The BHA 130 may have a measuring-while-drilling (MWD) module 170. The MWD module 170 may be housed in a drill collar located at the upper end of the BHA 130 and may have one or more devices for measuring characteristics of the drill string 108 and the drill bit 110. For example, the MWD module 170 may measure physical properties, such as, for example, pressure, temperature and/or wellbore trajectory.
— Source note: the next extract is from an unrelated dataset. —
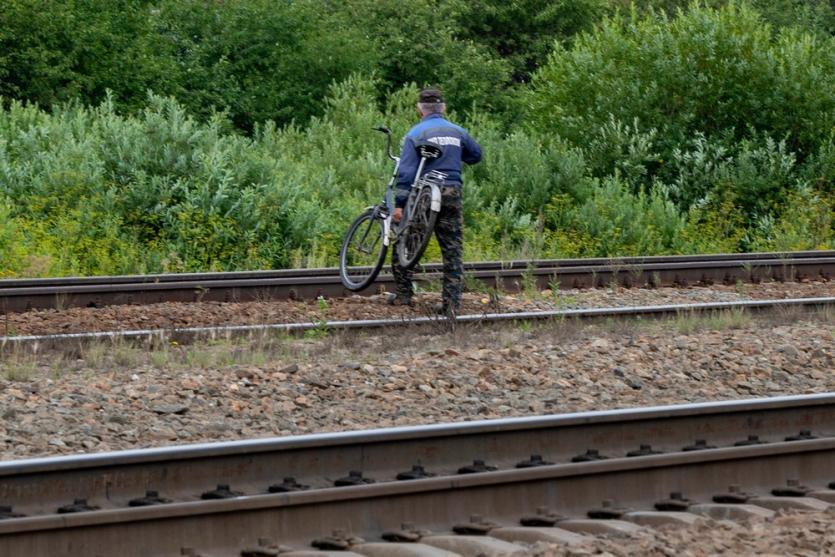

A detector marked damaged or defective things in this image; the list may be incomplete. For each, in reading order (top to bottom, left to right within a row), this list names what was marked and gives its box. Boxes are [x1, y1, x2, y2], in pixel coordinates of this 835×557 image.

rusty track [1, 249, 835, 310]
rusty track [4, 394, 835, 552] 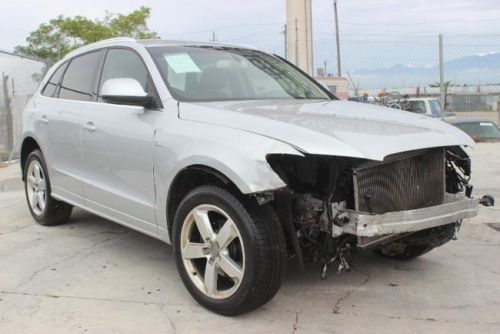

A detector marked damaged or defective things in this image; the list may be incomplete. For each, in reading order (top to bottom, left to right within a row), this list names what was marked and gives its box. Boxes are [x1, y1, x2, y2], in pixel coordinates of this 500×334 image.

The MWD module 170 may have a D&I sensor 172 which may determine the inclination and the azimuth of the BHA 130. For example, the D&I sensor 172 may use an accelerometer and/or a magnetometer to determine the inclination and the azimuth of the BHA 130. The D&I sensor 172 may use any means for determining the inclination and the azimuth of the BHA 130 known to one having ordinary skill in the art.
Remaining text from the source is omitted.